Até agosto próximo, segundo a PNRS, todos os municípios brasileiros precisam eliminar os lixões. O Brasil tem hoje 5.570 municípios e é evidente o esforço necessário para cumprir a lei que enfrenta um problema antigo de afastamento e destinação do lixo, com origem no Brasil Colônia e séculos de falta de atenção, gradativamente agravado pelo processo de industrialização e desenvolvimento que desconsiderou a sustentabilidade, e pela concentração de 84% dos habitantes nas cidades.
A PNRS previu que a disposição ambientalmente adequada dos rejeitos deveria ser realizada em até quatro anos a partir da sua promulgação. Os prazos são importantes para a indispensável mudança de paradigma da gestão dos resíduos.
A PNRS levou quase 20 anos para ser aprovada no Congresso Nacional. É um tempo longo demais para um problema emergencial há séculos. De minha parte, fiz todo o esforço possível como presidente do Grupo de Trabalho que instituiu a política, aprovada por unanimidade e sancionada sem vetos se transformou na Lei 12.305/2010.
A PNRS conceitua de maneira moderna o que se costuma chamar de lixo, já separando no texto da lei dos resíduos sólidos – que podem ser reaproveitados para o bem da conservação ambiental e da economia – os rejeitos que tratados, devem merecer um destino final ambientalmente correto. A primeira intenção, porém, é evitar a produção de resíduos rejeitos: não gerar, reduzir, reutilizar, reciclar.
A responsabilidade sobre os resíduos deve ser compartilhada entre o poder público, as empresas e os cidadãos. A gestão deve ser integrada e compreender, por exemplo, a elaboração de planos de gestão (nacional, estaduais, municipais e empresariais), e a inclusão social por meio do fortalecimento das cooperativas de catadores.

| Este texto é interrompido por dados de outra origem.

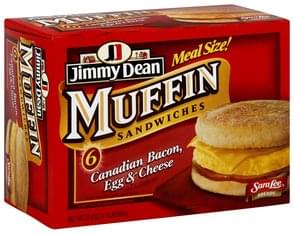 Jimmy Dean Canadian Bacon Egg Cheese Muffin Sandwiches Ea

Quando eleito deputado federal, em 2006, assumi o compromisso de elaborar, articular e cobrar a aprovação da PNRS, após a bem sucedida experiência com a lei estadual 12.300/2006, da qual fui o autor e com a qual disciplinamos a gestão dos resíduos sólidos no Estado de São Paulo, e assim conseguimos fazer.
A PNRS tem importantes repercussões sociais na área de saúde pública e na economia. Em 2012, por exemplo, a reciclagem de latas de alumínio para bebidas movimentou R$ 1,8 bilhão no País. Somente a etapa de coleta (a compra das latas usadas) fez circular R$ 645 milhões, o equivalente à geração de emprego e renda para 251 mil pessoas.
À PNRS devem se somar as outras políticas nacionais críticas para o desenvolvimento sustentável do País, como as de Saneamento, de Mudanças Climáticas, de Meio Ambiente e de Educação Ambiental. Aliás, sem educação continuada para a formação da cidadania como substância do desenvolvimento democrático, pouco se avançará na implantação da PNRS.
O Brasil desperdiça R$ 8 bilhões por ano ao não manejar adequadamente seus resíduos sólidos urbanos. Toneladas de embalagens e outros materiais remetidos ao “lixo” têm valor econômico destacado e podem basear o surgimento de novos e prósperos negócios oriundos da reciclagem, reuso e reaproveitamento de resíduos. Quem sabe não será por aí que as cidades brasileiras começarão a resolver o pagamento secular de uma das piores faturas das gestões municipais: a da coleta e destino final dos resíduos e rejeitos gerado pela sociedade nas áreas urbanas?